- [Work task]: All of the data that follows should be given again exactly, without its images.

- [Dataset content]:
- - -
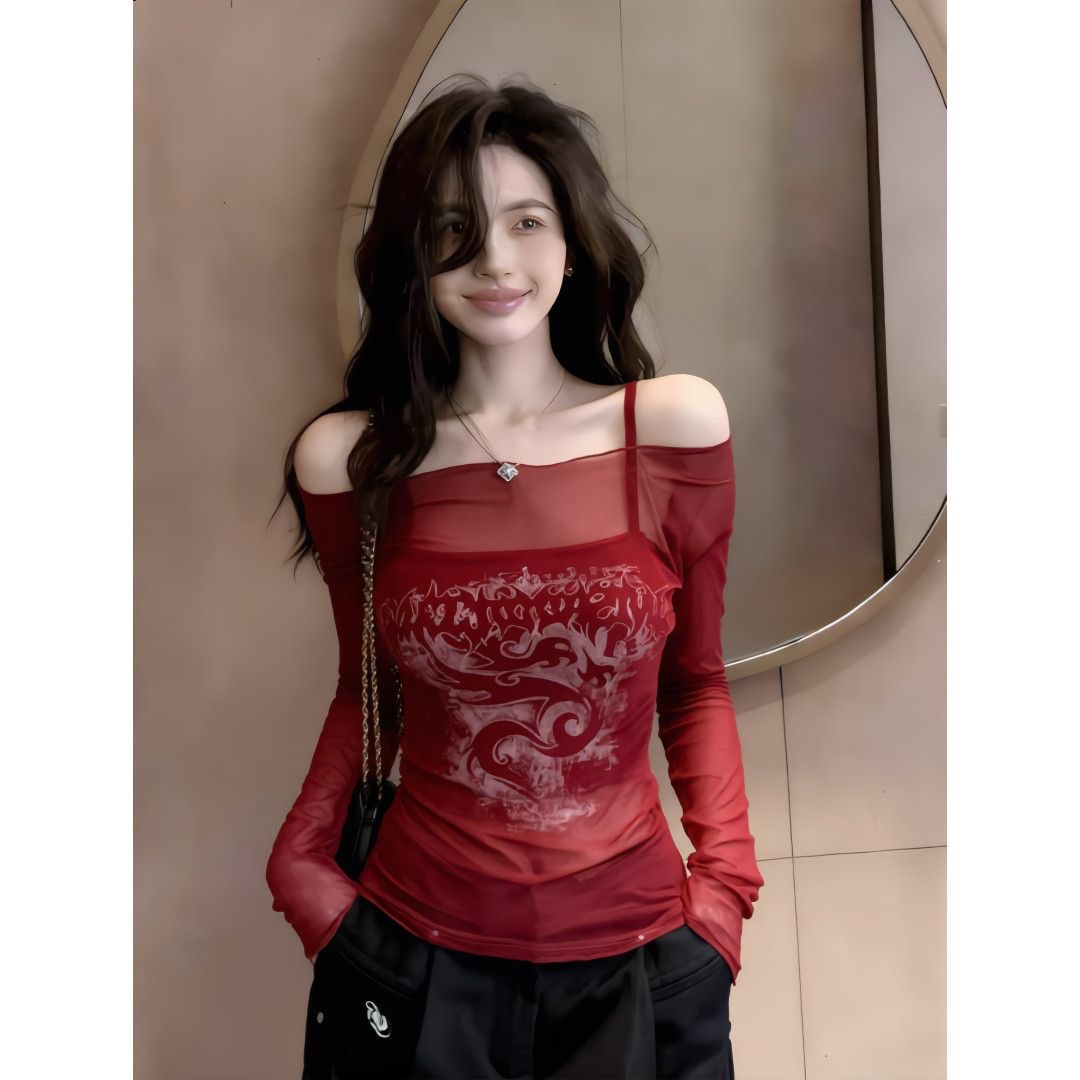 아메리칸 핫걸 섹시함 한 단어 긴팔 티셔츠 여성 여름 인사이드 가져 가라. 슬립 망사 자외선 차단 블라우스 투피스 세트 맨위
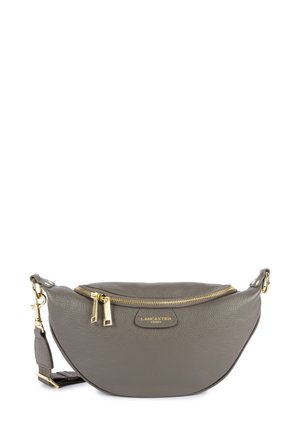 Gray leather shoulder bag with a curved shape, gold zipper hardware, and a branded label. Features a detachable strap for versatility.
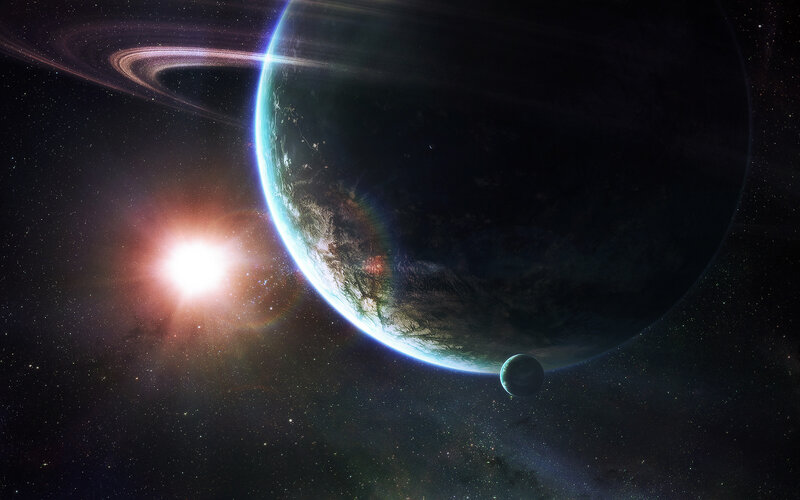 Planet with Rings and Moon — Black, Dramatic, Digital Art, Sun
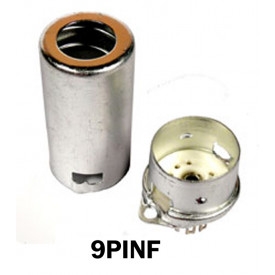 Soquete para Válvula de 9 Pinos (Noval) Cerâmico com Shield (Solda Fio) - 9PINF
- - -
- [The answer]:
 아메리칸 핫걸 섹시함 한 단어 긴팔 티셔츠 여성 여름 인사이드 가져 가라. 슬립 망사 자외선 차단 블라우스 투피스 세트 맨위
 Gray leather shoulder bag with a curved shape, gold zipper hardware, and a branded label. Features a detachable strap for versatility.
 Planet with Rings and Moon — Black, Dramatic, Digital Art, Sun
 Soquete para Válvula de 9 Pinos (Noval) Cerâmico com Shield (Solda Fio) - 9PINF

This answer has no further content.